One predominant view is that content should be given away for free. The resulting traffic could then be monetized via advertising. Some people like to call this the Google model. The search giant charges money for merely a tiny fraction of all the services it provides. Yet the audience it has is more than sufficient to prop up its mammoth advertising business—96% of Google’s revenues in 2010 came from those smart little advertisements.
Other criticism is targeted not at how content is monetized but what it does to the open, inter-linked nature of the Web. Still others interpret this to be an issue of whether newspapers will survive.
Earlier this week The New York Times (NYT) globally rolled out a new metered payment system that gives readers access to some content for free and then let a meter kick in after a point. Readers have been offered various pricing options based on what devices and platforms they use.
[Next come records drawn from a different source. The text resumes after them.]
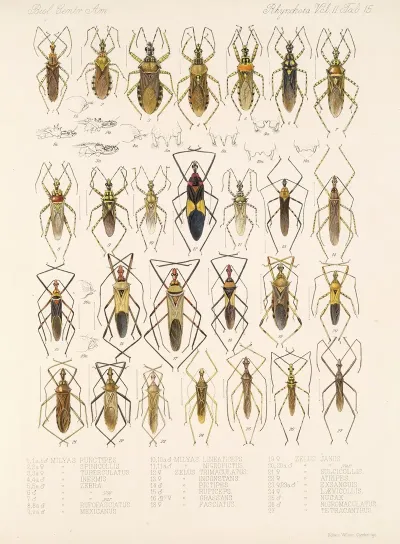 Insecta Rhynchota Hemiptera Heteroptera Pl 41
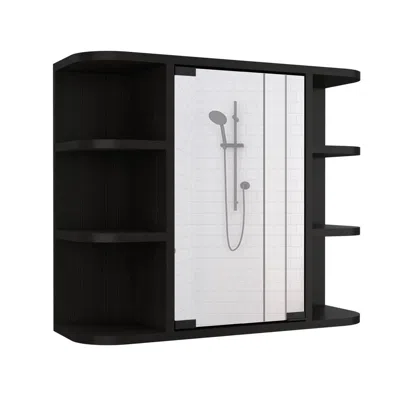 Depot E-shop Roma Mirrored Medicine Cabinet Black Wengue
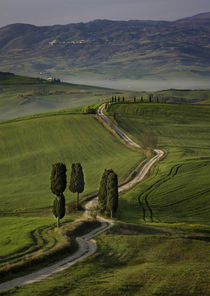 Cypress trees and winding road to villa near Pienza, Tuscany, Italy by Danita Delimont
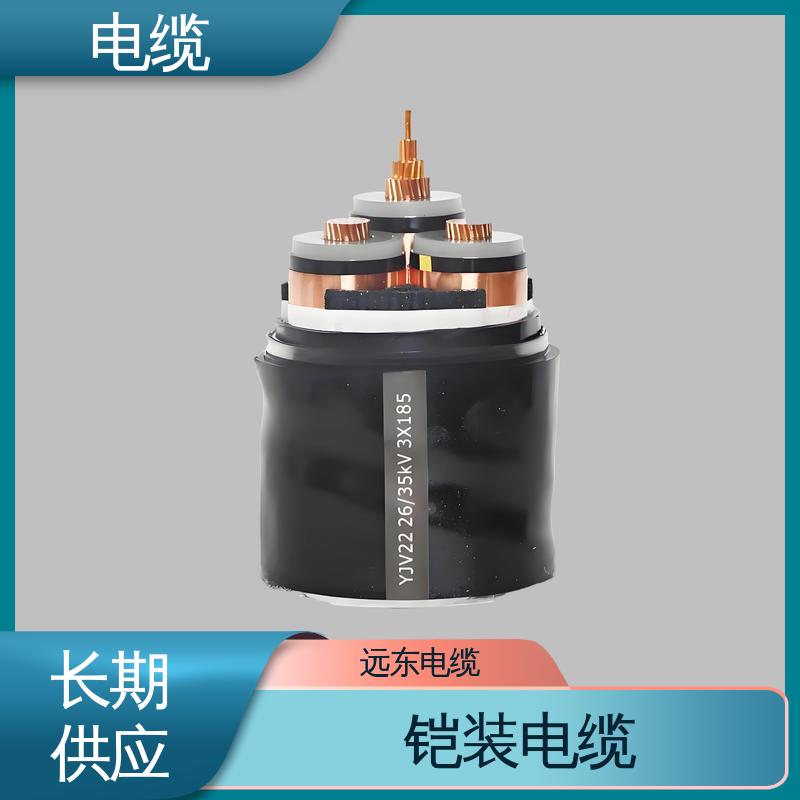 天康 YGCP 矿物质电缆 先进技术与工艺 实力工厂 支持定制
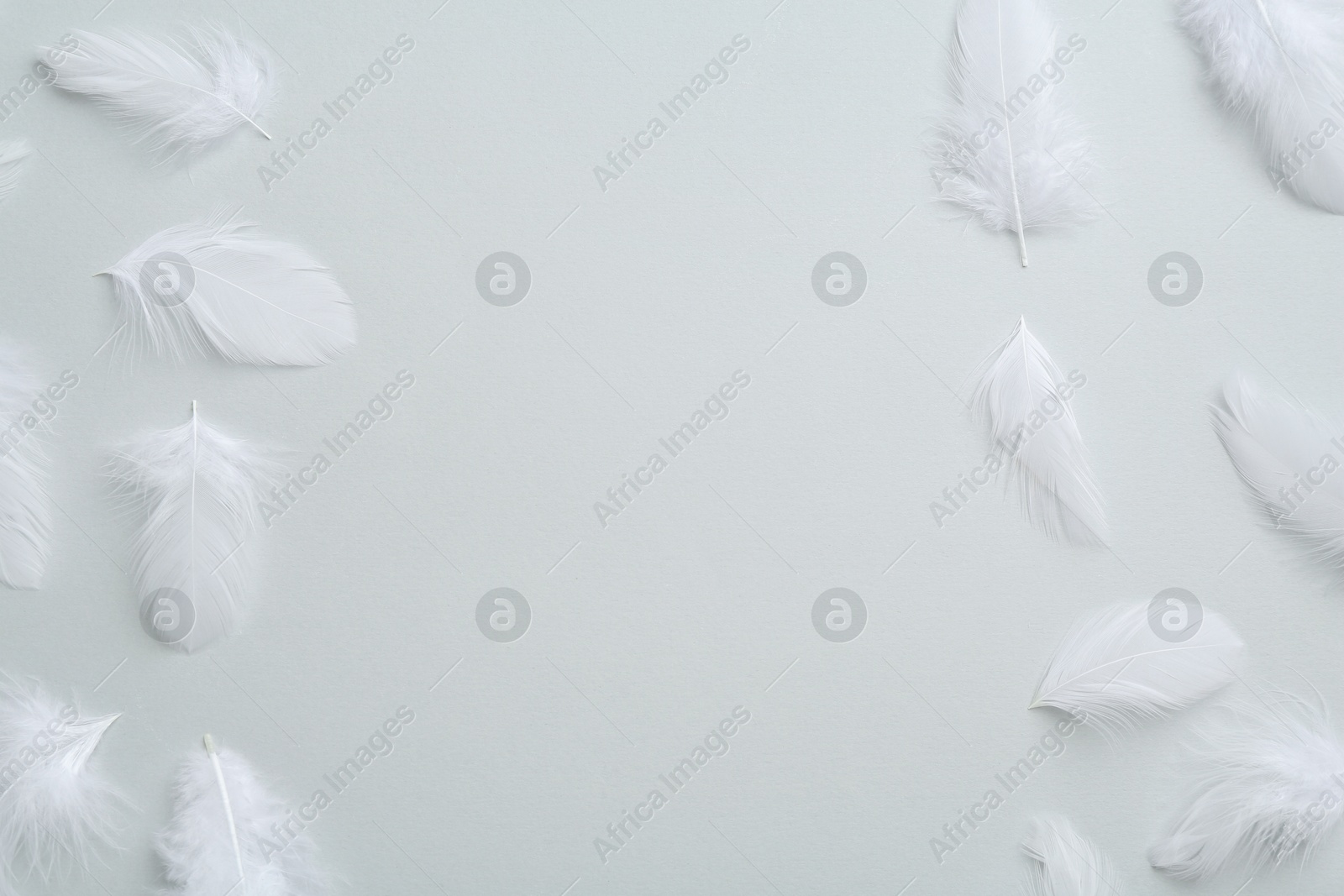 Photo of Beautiful fluffy feathers on light grey background, flat lay. Space for text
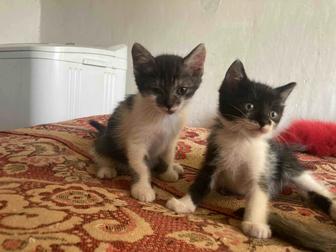 Бесплатно Котята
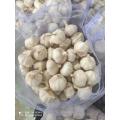 Cold Room Stocked Normal White Garlic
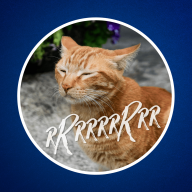 Culture G - Pourquoi les chats ronronnent-ils ? 🐈 (Non, ce n’est pas ce que vous croyez…)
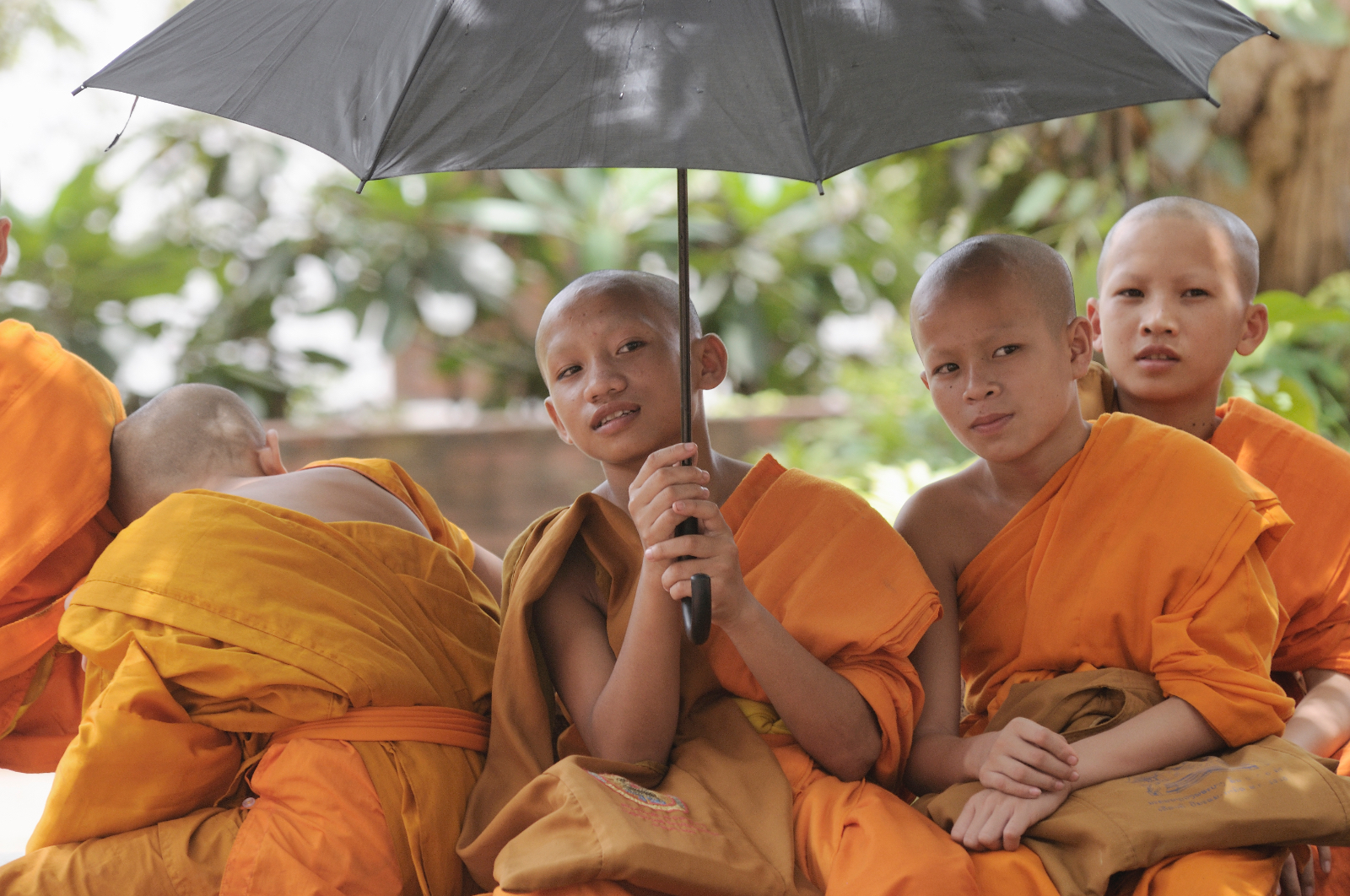 Piccoli monaci, Tailandia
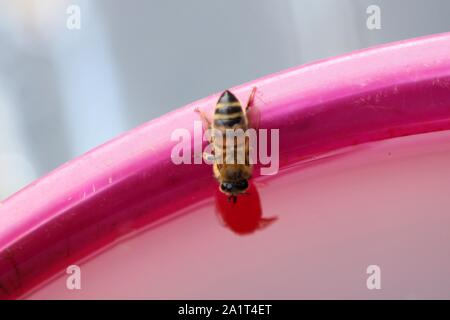 La collecte de l'eau'abeille à miel (Apis mellifera), l'Australie du Sud Banque D'Images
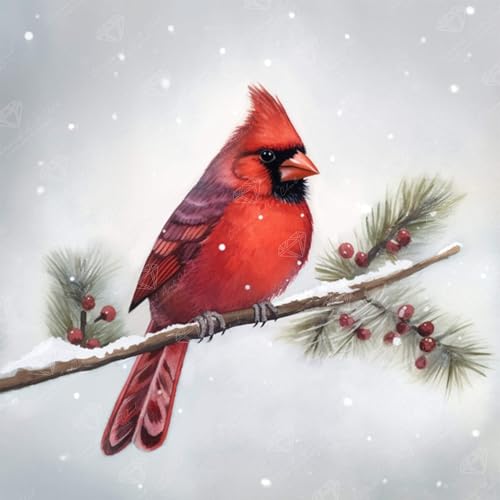 DIAMOND ART CLUB Winter Cardinal Diamond Painting Kit, Fun DIY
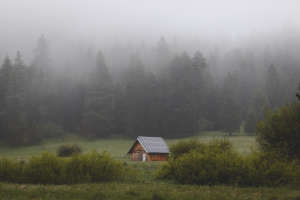 foggy cabin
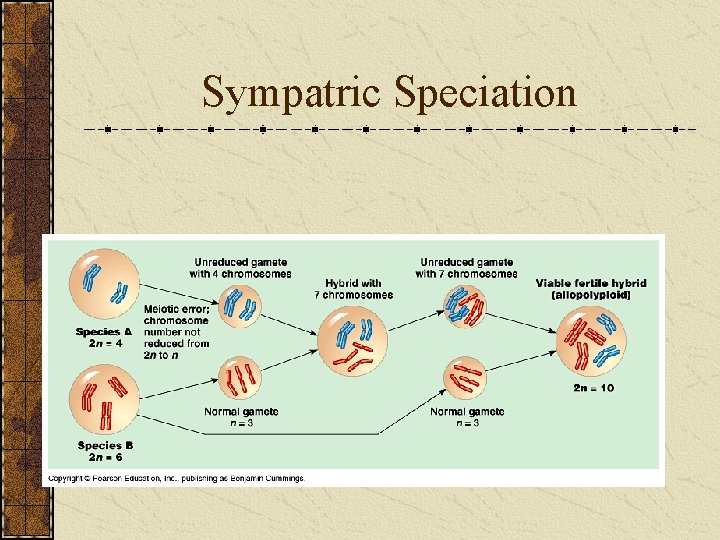 Sympatric Speciation Allopolyploidy 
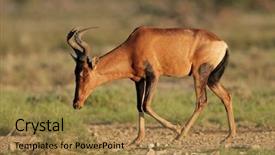  Presentation with south africa - Presentation enhanced with red-hartebeest-alcelaphus-buselaphus-kalahari background and a gold colored foreground
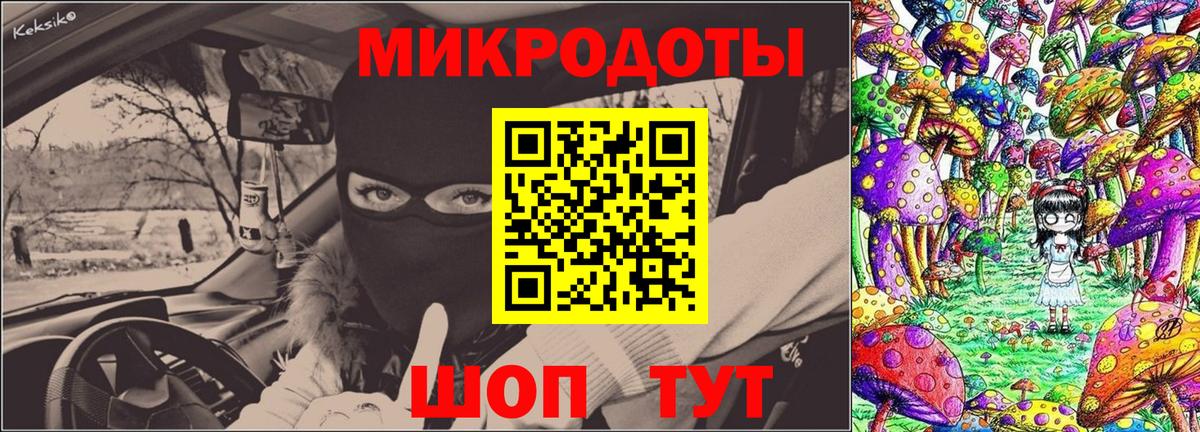 Галлюциногенные грибы Psilocybe Удомля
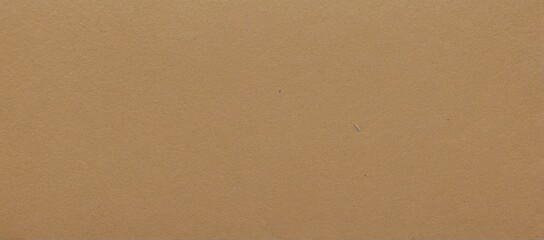 Light brown Kraft paper texture banner background

 - obrazy, fototapety, plakaty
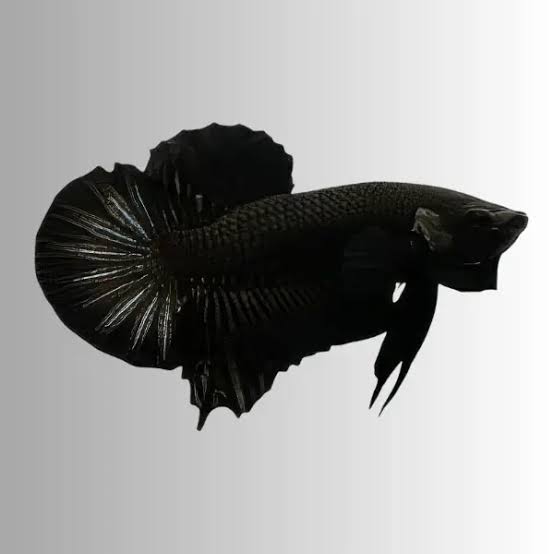 Black Plakat Betta - Male (Betta splendens)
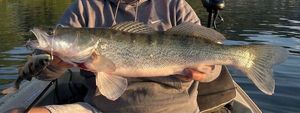 Zander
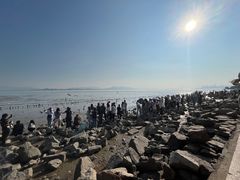 -深圳湾公园(南山区)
While there has been debate about how well the system works and how much it costs, one thing is certain: the success of NYT’s venture will have profound impact on journalism.
Content can be free to consume. But good quality content is almost never free to produce. Newsrooms cost money.
The Google model does not work for good journalism. To see why, one only needs to look at an Indian news-stand. Few major newspapers are priced anywhere close to cost of production. Almost all of them depend on advertiser income to survive. Such overwhelming dependence comes at the cost of unbiased content.
There are no doubt tremendous inefficiencies in the way legacy media organizations work. Many still thrive on the entry barriers created by expensive printing presses. This must change.
But if the reader isn’t going to pay for the news, then media companies will either run out of cash or, eventually, run out of ethics. Both mean the end of good journalism.
The NYT venture has plenty of commentators. But will it get enough subscribers?